Flipkart has had a very tough 2016 and had received a major shock when its founder was eased out of the CEO’s role recently, by an investor’s pick. Its cycle of bad news continues as its valuation was downgraded by an investor by a whopping 4% to $9.9 billion.
Flipkart has been facing tough competition from American Multi National Corporation and giant Amazon in the e-commerce space. Amazon is now recording a larger revenue growth and has a revenue larger than that of Flipkart. Amazon has been in India for a much shorter amount of time than Flipkart and has still managed to steal a march on Flipkart. Amazon also has a lot of cash as compared to Flipkart. Amazon USA, has pledged to invest $5 billion into its Indian unit and this is something that Flipkart may not be able to manage.
Flipkart’s investor T.Rowe Price, a mutual fund investor had invested a $100 million in Flipkart in December 2014, when it raised $700 million in funding.
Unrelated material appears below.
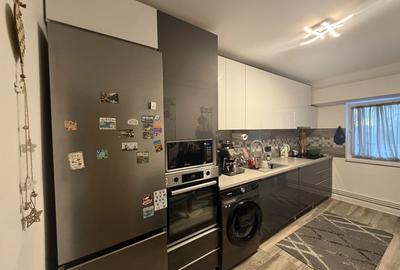 Apartament cu 4 camere decomandat în Central - 4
They had marked down their investment by 15% in April 2016 and this would be the second time that they have devalued their shares, by 4%. This brings the price per share of Flipkart to $93.15, down from $96.29.
Morgan and Stanley had marked down their investment in Flipkart by 38.2% in November 2016, but people in the know said that their assessment did not matter in this case as they owned stock only worth approximately $100,000.